══ Source information
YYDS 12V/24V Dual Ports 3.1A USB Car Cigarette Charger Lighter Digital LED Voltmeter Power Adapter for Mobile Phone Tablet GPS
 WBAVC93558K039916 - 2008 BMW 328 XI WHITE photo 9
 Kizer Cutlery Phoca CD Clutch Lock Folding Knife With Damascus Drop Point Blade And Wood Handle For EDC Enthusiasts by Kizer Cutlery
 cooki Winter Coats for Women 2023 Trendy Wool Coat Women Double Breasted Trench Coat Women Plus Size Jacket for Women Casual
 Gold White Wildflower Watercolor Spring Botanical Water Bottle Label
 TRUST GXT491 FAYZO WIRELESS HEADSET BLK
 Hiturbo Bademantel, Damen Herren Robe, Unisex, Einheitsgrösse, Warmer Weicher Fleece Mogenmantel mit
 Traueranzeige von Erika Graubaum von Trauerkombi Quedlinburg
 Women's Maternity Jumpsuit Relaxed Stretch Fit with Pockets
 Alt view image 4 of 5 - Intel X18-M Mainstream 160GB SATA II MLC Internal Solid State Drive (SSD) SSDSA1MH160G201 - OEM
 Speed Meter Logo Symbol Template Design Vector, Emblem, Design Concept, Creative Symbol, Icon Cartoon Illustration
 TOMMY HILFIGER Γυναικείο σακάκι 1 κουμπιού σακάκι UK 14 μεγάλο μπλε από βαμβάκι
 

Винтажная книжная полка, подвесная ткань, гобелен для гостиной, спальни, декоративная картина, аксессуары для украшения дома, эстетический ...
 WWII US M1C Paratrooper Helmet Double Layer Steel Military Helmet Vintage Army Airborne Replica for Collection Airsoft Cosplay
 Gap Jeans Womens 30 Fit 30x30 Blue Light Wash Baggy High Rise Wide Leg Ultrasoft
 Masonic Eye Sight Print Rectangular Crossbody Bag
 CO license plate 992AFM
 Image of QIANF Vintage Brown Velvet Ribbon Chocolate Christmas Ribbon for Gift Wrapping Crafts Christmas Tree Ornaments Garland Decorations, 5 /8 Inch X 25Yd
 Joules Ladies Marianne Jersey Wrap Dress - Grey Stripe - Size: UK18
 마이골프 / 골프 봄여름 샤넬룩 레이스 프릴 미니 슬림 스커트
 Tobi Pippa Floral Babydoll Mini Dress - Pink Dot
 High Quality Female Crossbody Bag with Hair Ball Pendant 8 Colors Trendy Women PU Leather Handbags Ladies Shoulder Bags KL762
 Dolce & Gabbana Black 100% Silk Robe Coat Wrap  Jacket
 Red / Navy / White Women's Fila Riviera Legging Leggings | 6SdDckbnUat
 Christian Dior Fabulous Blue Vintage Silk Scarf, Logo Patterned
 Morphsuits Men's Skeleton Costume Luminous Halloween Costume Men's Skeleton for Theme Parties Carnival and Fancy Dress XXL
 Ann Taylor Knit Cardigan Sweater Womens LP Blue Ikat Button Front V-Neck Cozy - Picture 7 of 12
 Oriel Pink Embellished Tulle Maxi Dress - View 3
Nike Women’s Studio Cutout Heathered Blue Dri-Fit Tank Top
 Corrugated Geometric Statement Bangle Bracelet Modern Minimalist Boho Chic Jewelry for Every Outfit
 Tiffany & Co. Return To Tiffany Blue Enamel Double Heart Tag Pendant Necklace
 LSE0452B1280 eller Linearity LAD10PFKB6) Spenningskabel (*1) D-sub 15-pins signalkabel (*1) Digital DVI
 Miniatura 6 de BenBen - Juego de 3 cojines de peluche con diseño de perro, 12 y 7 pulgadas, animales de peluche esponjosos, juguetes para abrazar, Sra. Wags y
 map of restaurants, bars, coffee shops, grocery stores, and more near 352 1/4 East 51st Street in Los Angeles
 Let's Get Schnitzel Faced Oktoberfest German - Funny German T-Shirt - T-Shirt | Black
════
### Work item:
Scan the records above and report how many lines include the word "Jacket", without any other text.

### Result for this exercise:
2